Ante las preguntas del corresponsal de Le Monde, referidas a la pésima impresión que había causado internacionalmente la detención de Marcelino Camacho, el portavoz del Gobierno, Fraga Iribarne, le respondió:

Cumplía una pena que era de larga duración, la del 1001, fue agraciado en virtud de la amnistía general decretada por el rey cuando accedió al trono. Pero entonces se puso a hacer provocación y a mezclarse con todas las formas de agitación, a hacer todo lo posible para que las huelgas tomen un carácter de delito político. Llegó a tal punto que se le detuvo.

Una peculiar manera de subjetivar los hechos. El rey se había limitado a decretar un indulto, por lo tanto, la amnistía no era tal, y Camacho estaba muy lejos, en aquel momento, de ser un agitador o un provocador; en todo caso, lo era en la misma medida que el resto de las fuerzas de la oposición democrática.

Unos días más tarde, en una encuesta realizada por la revista Actualidad Económica, Marcelino Camacho aparecía como uno de los «25 políticos para el futuro». Los organizadores del acto convocado para celebrar tal proclamación excusaron su asistencia por razones obvias. Siguió en la cárcel hasta el 27 de mayo, cuando obtuvo la libertad condicional.

Todavía quedaba mucho por hacer hasta llegar a la legalización de los partidos políticos y organizaciones sindicales; la amnistía total para los presos políticos y el libre retorno de los exiliados; el pleno ejercicio de las libertades de expresión, reunión, asociación y manifestación; la derogación de las leyes represivas y la supresión del Tribunal de Orden Público; la supresión del Movimiento Nacional y la convocatoria de elecciones libres.

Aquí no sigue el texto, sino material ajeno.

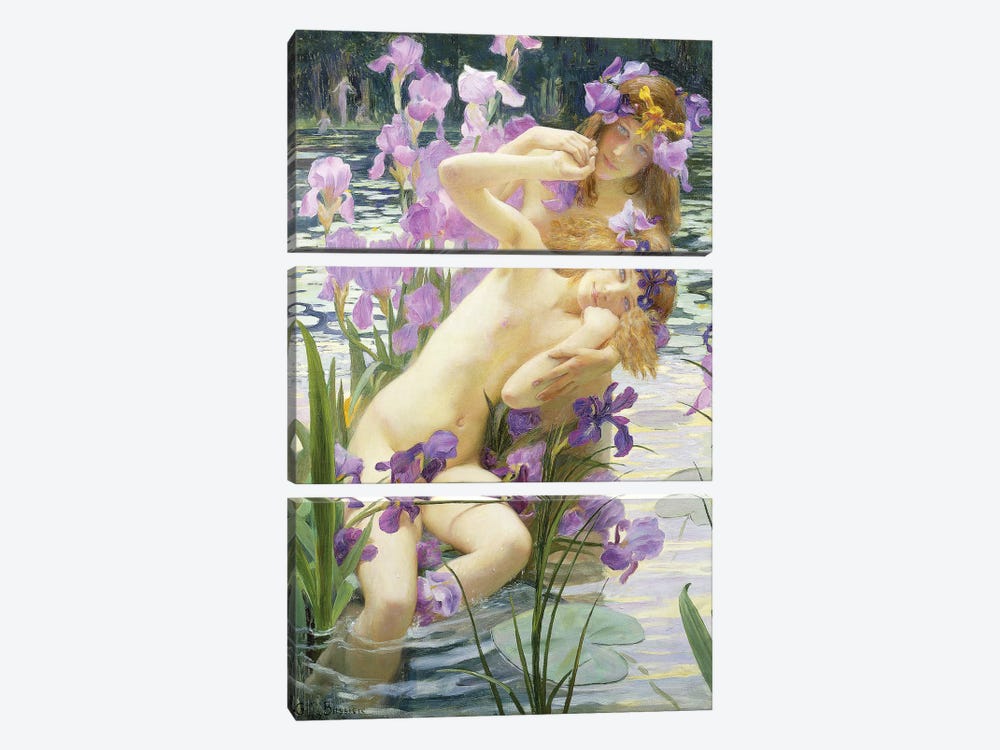 Bathing Nymphs, 1897  by Gaston Bussiere 3-piece Canvas Art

Los Camacho viajaron a Roma en julio de 1976, porque Marcelino tenía que asistir al pleno del Comité Central del Partido Comunista, y allí Josefina se encontró por primea vez con Dolores Ibarruri.

—Marcelino conoció a Pasionaria durante la Guerra Civil, pero yo era la primera vez que la veía en persona. Me impresionó tenerla delante. Era una mujer imponente. Luego nos encontramos en España varias veces. Entre todas las compañeras montamos un taller de costura para hacer vestidos y contribuir a los gastos del sindicato, pero no sacamos ni para pagar el alquiler del local, así que al cabo de un año tuvimos que cerrar. Ella iba por allí de vez en cuando. Le quisimos hacer ropa nueva, porque estábamos hartas de verla con la misma de siempre. Le cosimos un par de blusas y de faldas para que cambiara un poquito de aspecto, pero se negó; nos dijo que a ella solo le gustaba ir de negro.

Desde España, la prensa tardofranquista criticó duramente a los Camacho por su doble militancia, política y sindical. Eso demostraba, para sus detractores, que Comisiones Obreras no era más que la correa de transmisión del Partido Comunista de España. A Marcelino le indignaba esa manipulación interesada, pues no solo tenía una dedicación plena al sindicato, sino que tuvo oportunidad de demostrar en varias ocasiones su independencia respecto a la dirección del PCE. Fue a Roma, fundamentalmente, a plantear la lucha que desarrollaban para alcanzar la libertad sindical y la situación socioeconómica en la que se encontraba España tras la muerte de Franco. En aquel Comité Central se trató sobre la necesidad de que tanto el PCE como Comisiones Obreras fueran legalizados, pues sin ellos no habría una transición real a la democracia.